E, quando fazia anos, tinha sempre algumas prendas
monetárias, entre as quais não posso esquecer a da minha madrinha de duche
(perdão, de baptismo) que, apesar de “podre” de rica, dava-me cem escudinhos
pelo meu aniversário. Não era mau; chegava para comprar “meio-disco”! Mas foi
assim que a minha colecção foi aumentando até que, juntamente com discos de 78
rpm (dos tempos de criança) atinge os mil exemplares, todos catalogados e,
alguns, autografados pelos intérpretes, o que era fácil de conseguir devido à
minha profissão. É claro que com o advento dos CD, a colecção deixou de
aumentar.
De vez em quando dá-me para folhear aqueles catálogos,
a maioria em francês, alemão e inglês. Como fui sempre avesso às línguas
estrangeiras, fiquei, pelo menos, a saber palavras e frases relacionadas com a
música nessas línguas não esquecendo, como é óbvio, o italiano, a língua
internacional utilizada pela quarta arte. Isto facilitou imenso o trabalho na
rádio.
Mas houve quem se atrevesse, sem ter o menor
conhecimento do assunto, a traduzir alguns desses catálogos, como demonstra a
edição portuguesa da celebérrima editora de discos Deutsche Grammophon Gesellschaft. A impressão foi feita pela
tipografia Barreiro-Lisboa em 27 de Setembro de 1957, sendo a tiragem de 3.000
exemplares.
É claro que na altura engoli todos aquelas asneiras
mas hoje, com a idade e conhecimentos que tenho, acho melhor classificá-los,
contradizendo o título deste blogue, como “A Alegria do Disparate”!

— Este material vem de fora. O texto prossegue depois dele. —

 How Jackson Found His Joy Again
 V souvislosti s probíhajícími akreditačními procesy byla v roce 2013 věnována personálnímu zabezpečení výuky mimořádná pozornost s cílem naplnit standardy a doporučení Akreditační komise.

Como seria fastidioso referir todos os erros de
tradução, até porque é rara a página onde eles não acontecem, apontarei apenas,
os mais conspícuos. Aqui vão.
O mais “clássico”, e que ainda hoje perdura, é
“Cavalaria Rusticana”. O saudoso Dr. João de Freitas Branco contava que quando
escrevia sobre aquela ópera de Mascagni, era frequente o revisor corrigir Cavelleria par cavalaria, como se o erro
fosse dele. A isto costuma-se chamar “ser mais papista que o papa”!
Ora, o nome da ópera é Cavalleria Rusticana”, e nada tem a ver com cavalos. Traduzido à
letra, aquele nome significa, aproximadamente, “cavalheirismo rústico”, no
sentido de honra e justiça populares.
O enredo é muito simples: um marido cornudo, depois de
várias peripécias em que a música simples mas sublime tornou numa das óperas
mais populares, mata o amante da sua mulher à facada num duelo sem regras nem
padrinhos. É uma história de faca e alguidar, a que, apenas, falta este último.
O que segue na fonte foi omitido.